University of Louisville finds SAS(r) predictive analytics superior in ranking health care provider quality
CARY, NC (Sep. 27, 2010) - University of Louisville researchers are uncovering better ways for insurers and health care providers to comply with the US health care bill President Obama signed into law. They are using SAS Analytics software from the leader in business analytics to analyze structured, quantitative data and unstructured, textual information from medical records and health care claims. Knowledge gleaned from data and text mining can assist in claims negotiations between insurers and health care providers. Related research also defines optimal treatment plans that both improve quality of care and reduce costs - insights that health care consumers welcome.

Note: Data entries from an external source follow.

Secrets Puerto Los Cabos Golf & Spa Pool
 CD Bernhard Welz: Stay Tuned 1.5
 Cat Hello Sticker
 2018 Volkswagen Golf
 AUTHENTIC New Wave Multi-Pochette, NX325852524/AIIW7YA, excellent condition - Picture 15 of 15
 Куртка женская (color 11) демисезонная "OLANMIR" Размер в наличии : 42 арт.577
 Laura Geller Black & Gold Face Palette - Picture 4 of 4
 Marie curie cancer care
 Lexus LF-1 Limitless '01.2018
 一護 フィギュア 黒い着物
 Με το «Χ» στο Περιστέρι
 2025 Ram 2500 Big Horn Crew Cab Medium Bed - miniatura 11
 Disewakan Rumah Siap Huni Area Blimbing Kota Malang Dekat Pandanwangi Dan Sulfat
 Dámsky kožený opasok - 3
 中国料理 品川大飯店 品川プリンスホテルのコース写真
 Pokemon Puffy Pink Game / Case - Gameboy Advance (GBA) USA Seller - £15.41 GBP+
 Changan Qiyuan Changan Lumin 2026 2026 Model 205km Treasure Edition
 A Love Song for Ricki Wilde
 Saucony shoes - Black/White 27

Outdated information management strategies and invalid statistics cause serious problems in investigating health outcomes and negotiating reimbursements. Predictive modeling, however, goes beyond standard regression techniques, expanding advanced analytical options for better, faster decision making. Predictive models use a variety of tools to deliver more accurate, long-range views of treatments and costs.
Predictive analytics enable better decisions
"The truth is in the data," said Dr. Patricia Cerrito, Professor of Mathematics at the University of Louisville and author of Text Mining Techniques for Healthcare Provider Quality Determination: Methods for Rank Comparisons. "SAS' data preprocessing tools enable a thorough investigation of complex health care claims. Predictive analytics reveal relationships between treatments and outcomes, as well as costs. Many conditions that formerly required surgery, such as ulcers, are now effectively addressed through medication, which greatly reduces costs. Under the health care bill, prescription medications can appear expensive, even when they cost less than alternative treatments."
Many models attempt to determine who provides the highest quality health care with the best patient outcomes. Quality rankings have become critical for determining provider reimbursements. Cerrito has developed a patient severity index for use in predictive analytics models to rank provider quality more accurately. She will present the new model at the World Congress Leadership Summit on Predictive Analytics.
"SAS Analytics software is extremely versatile for investigating complex data," Cerrito said. Using a sample of 8 million publicly available records, she compared her severity index with public models currently in use. She discovered that health care providers using current models could boost their quality rankings without actually improving care. Yet providers delivering the best care often don't receive the level of reimbursements that reflect that quality. Cerrito believes that a comprehensive patient severity index that encompasses the entire patient record will enable accurate rankings of quality of care across providers. This will ensure that health care providers must improve quality of care to boost rankings.